▼

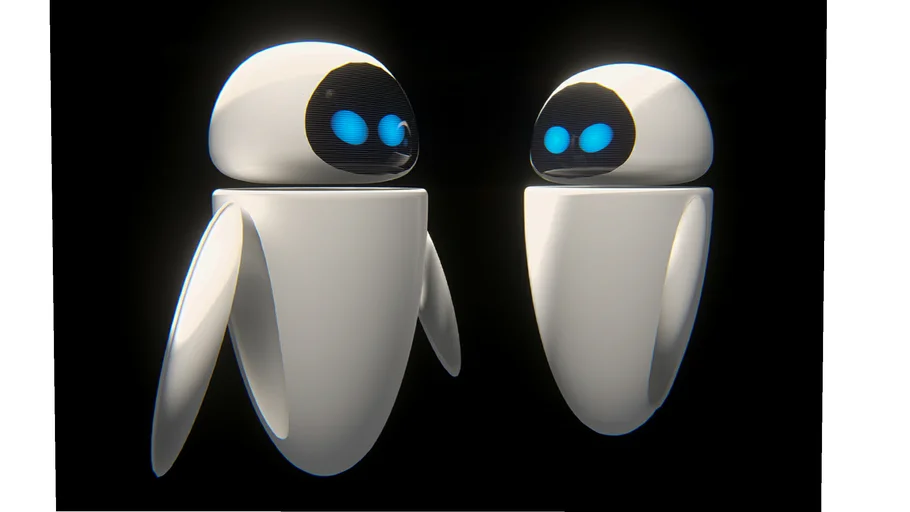 Eve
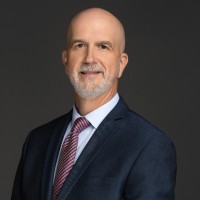 New Community Corporation Employee Benjamin Galvez's profile photo
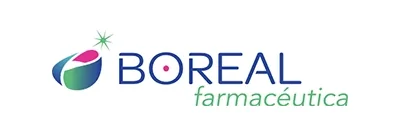 Boreal Farmacéutica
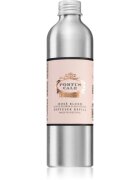 Castelbel Portus Cale Rosé Blush Aroma diffúzor töltet 250 ml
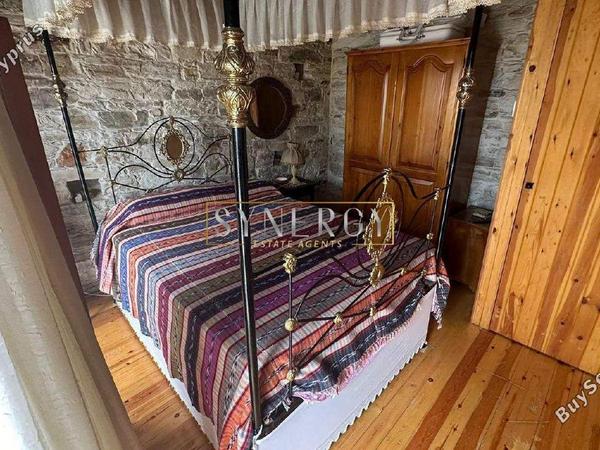 3 bedroom detached house for sale tseri nicosia 1614440 image 16743669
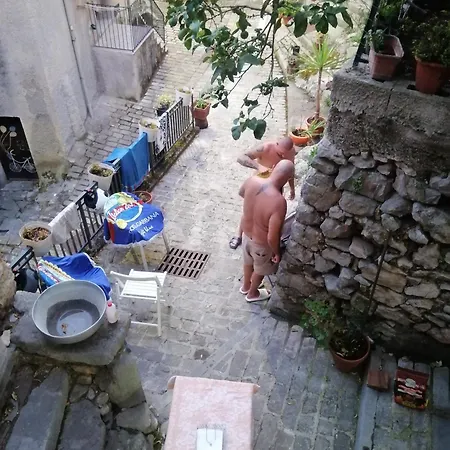 Tre Metr Sopra Il Cielo 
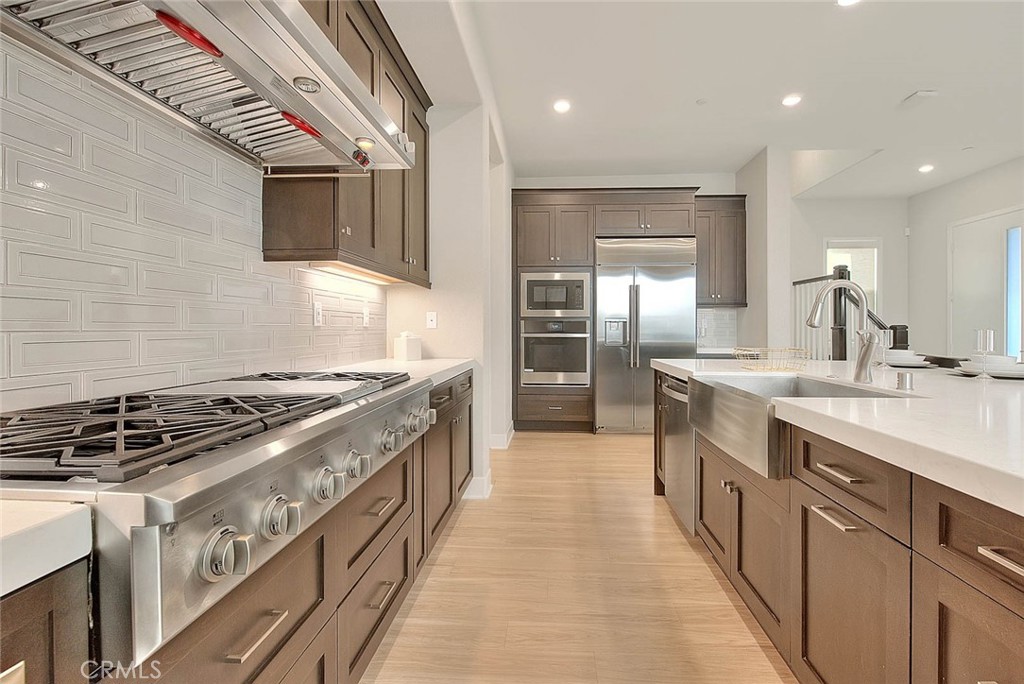 Irvine, California, 92618, United States, 4 Bedrooms Bedrooms, ,3 BathroomsBathrooms,Residential,For Sale,1830325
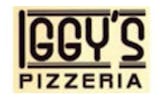 Iggy's Pizzeria logo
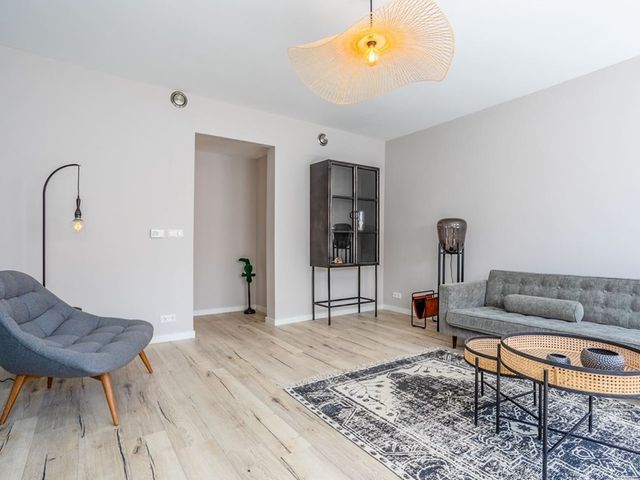 Papestraat 15B, Den Haag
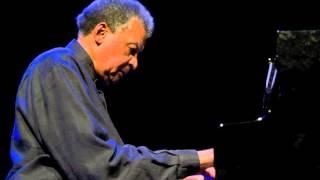 Abdullah Ibrahim  - The Wedding (Live at Montreaux 1980)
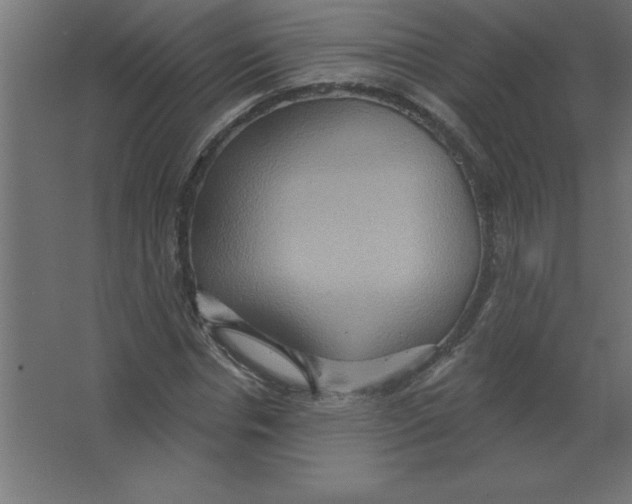 X0000067350826200604211959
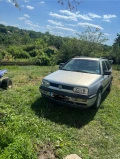VW Golf - 5000 лв. - 43126210 6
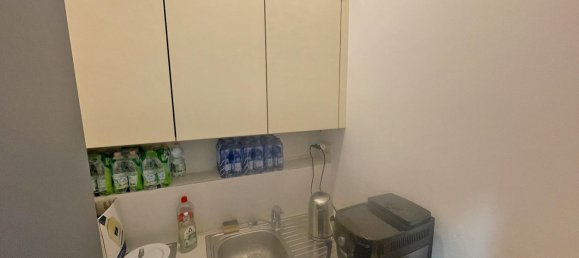 Bureau à Trentino-Alto Adige, Italy 162m² No. 159871 9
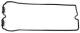 Gasket, cylinder head cover - 456.170 ELRING - 13270-1F700, 11042900, RC0150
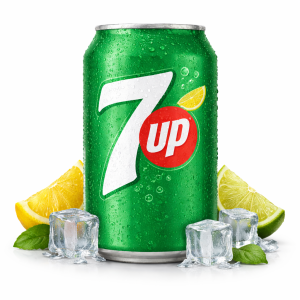 7up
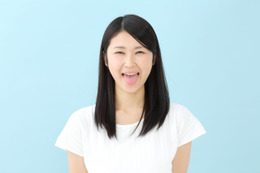 「どんな恋愛してきたの…」男性から「うざいオバサン」と思われがちな行動とは 画像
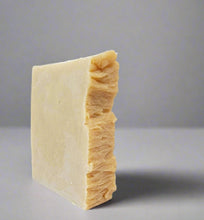 Load image into Gallery viewer, Elvis's Comb Your Hair Shampoo Bar™️ - For Hair & Beard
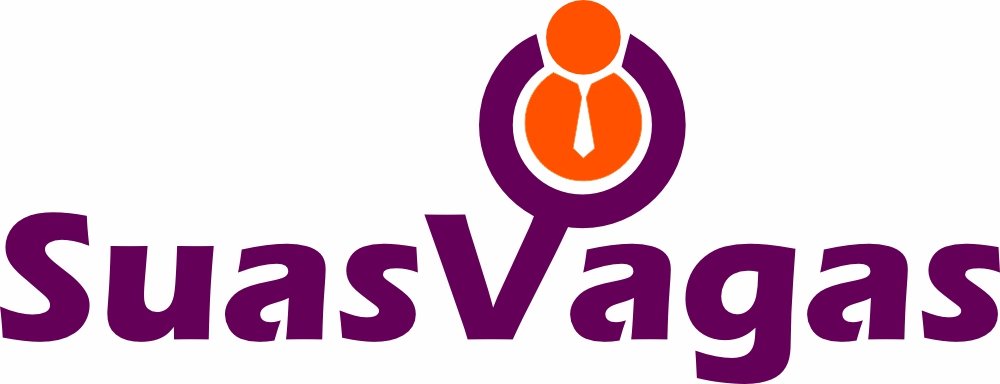 SuasVagas.com
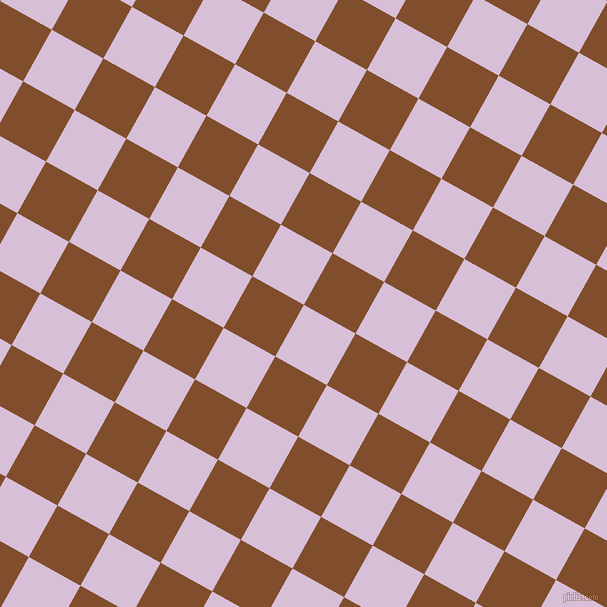 61/151 degree angle diagonal checkered chequered squares checker pattern checkers background, 59 pixel squares size, , Thistle and Korma checkers chequered checkered squares seamless tileable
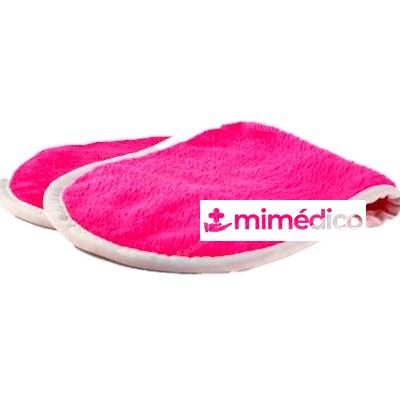 BIFULL ERASER TOALLA  DESMAQUILLADORA BIFULL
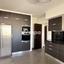 3 bedroom apartment for sale strovolos nicosia 8797767 thumbnail 16704193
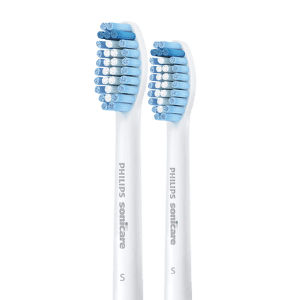 Zubné kefky a ústna hygiena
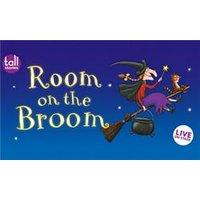Room on the Broom Live On Stag - Mt09 Chain Sprocket Set 525 Pitch review and price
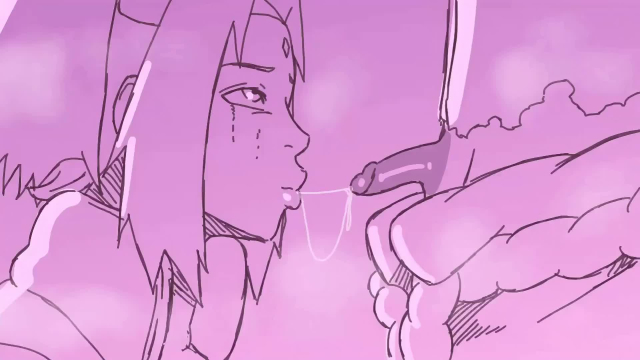 sakura haruno,sasuke uchiha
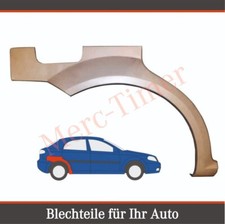 Chevrolet Daewoo Lacetti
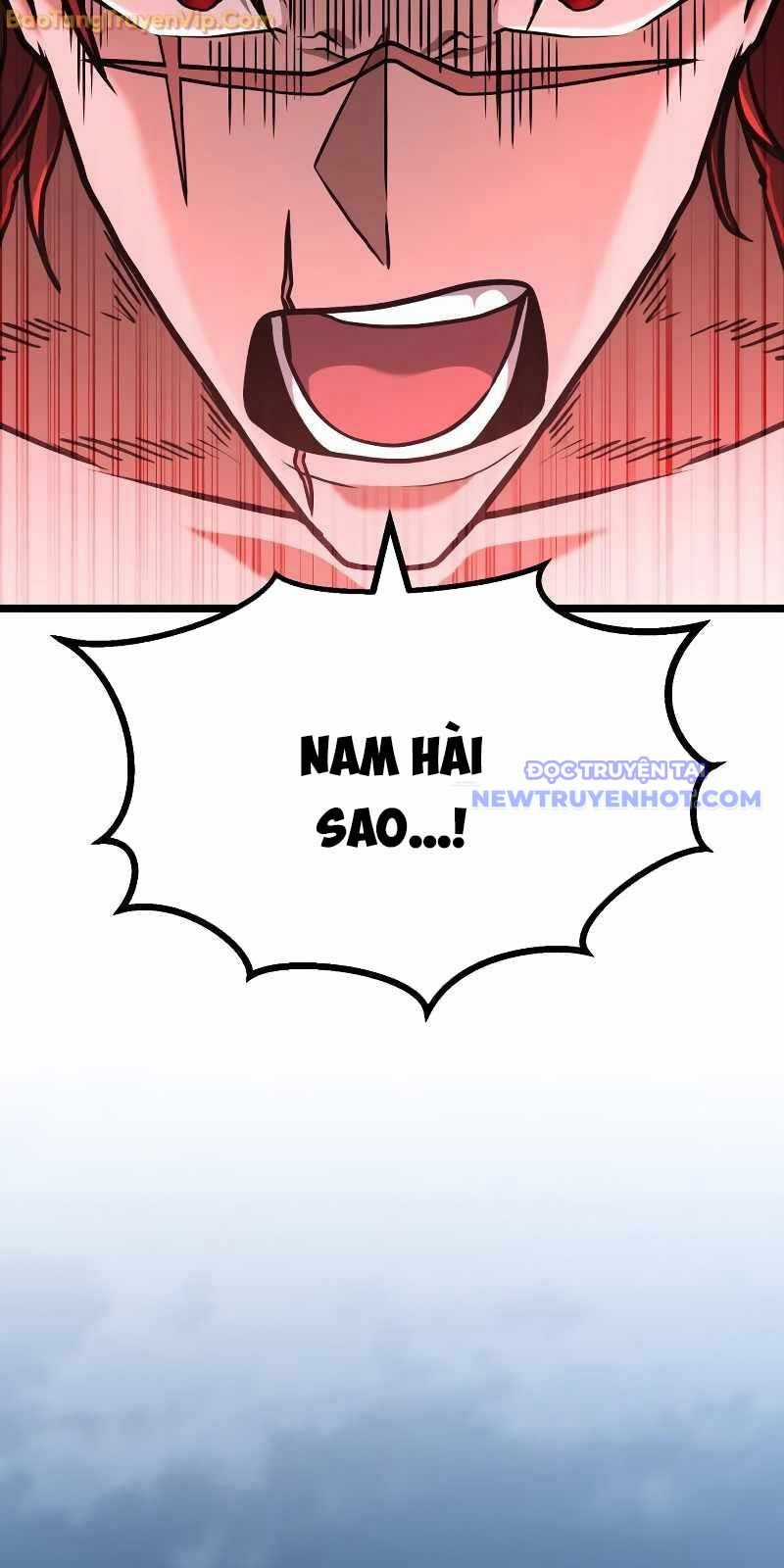 Hoa Vô Thập Nhật Công - Chapter 12 - Trang 48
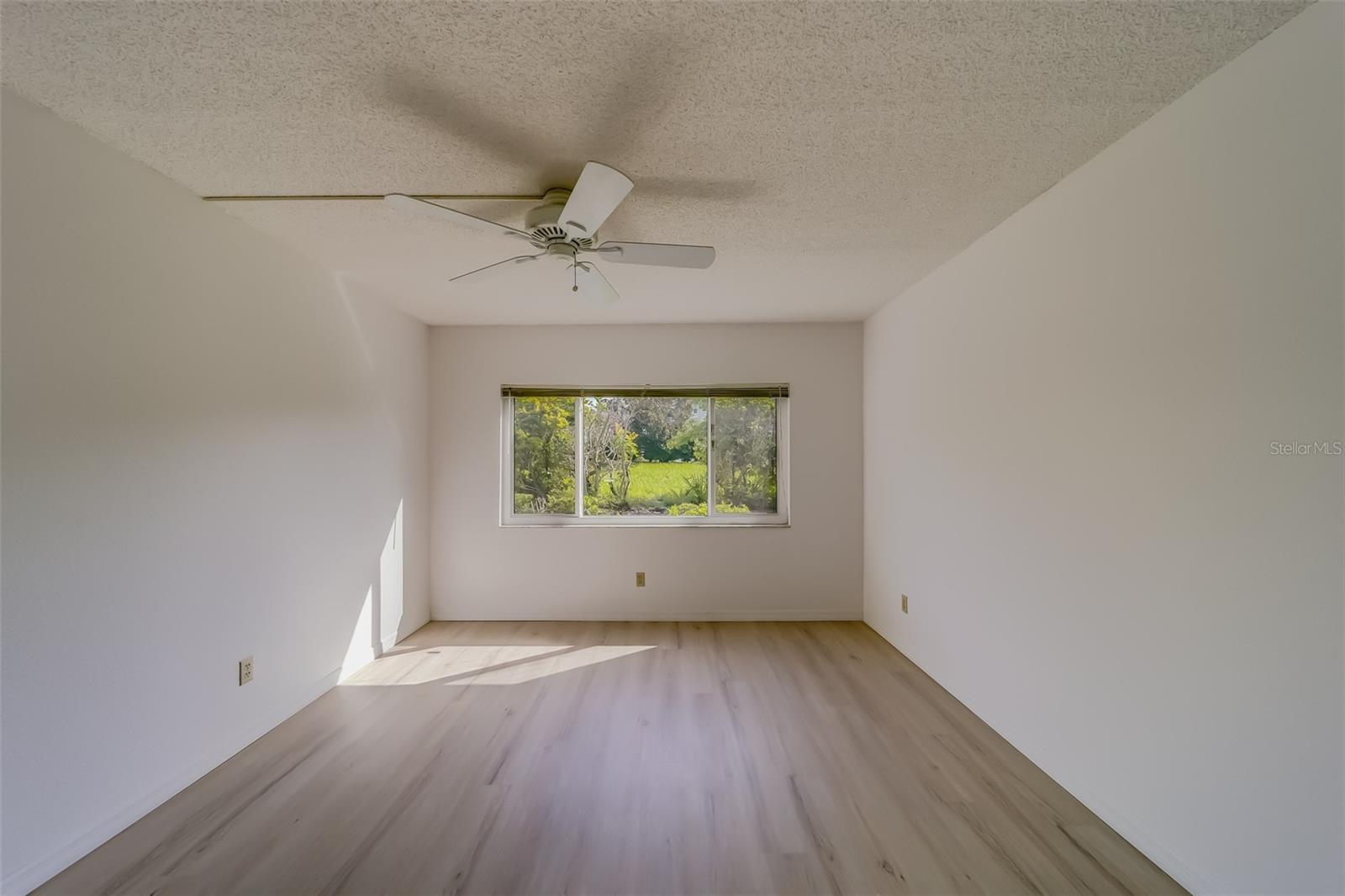 2555 ROYAL PINES CIR #15-C, CLEARWATER, FL, 33763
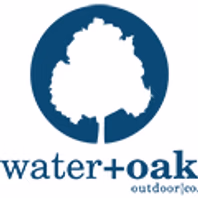 waterandoakoutdoor.com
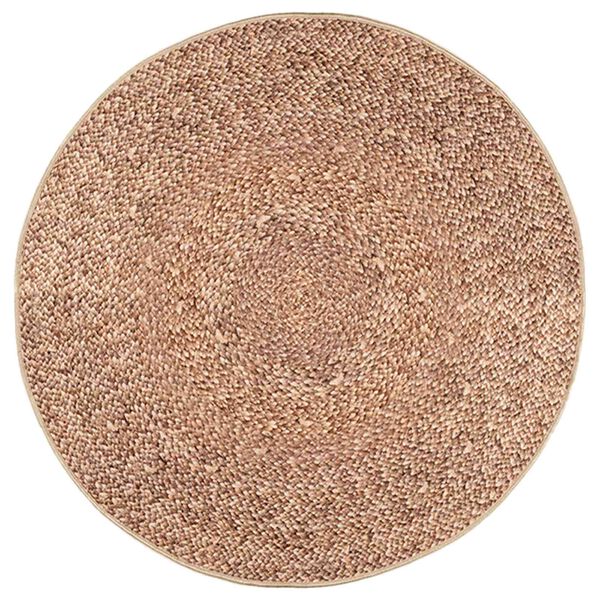 Produktbild 1 von 6 anzeigen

▲

→ **TASK TO CARRY OUT**:
Although pictures appear among the records above, none are to be output; print exactly the lines from the line containing "VW Golf - 5000 лв. - 43126210 6" through the line containing "Load image into".

→ **PROBLEM SOLUTION**:
VW Golf - 5000 лв. - 43126210 6
 Bureau à Trentino-Alto Adige, Italy 162m² No. 159871 9
 Gasket, cylinder head cover - 456.170 ELRING - 13270-1F700, 11042900, RC0150
 7up
 「どんな恋愛してきたの…」男性から「うざいオバサン」と思われがちな行動とは 画像
 Load image into Gallery viewer, Elvis's Comb Your Hair Shampoo Bar™️ - For Hair & Beard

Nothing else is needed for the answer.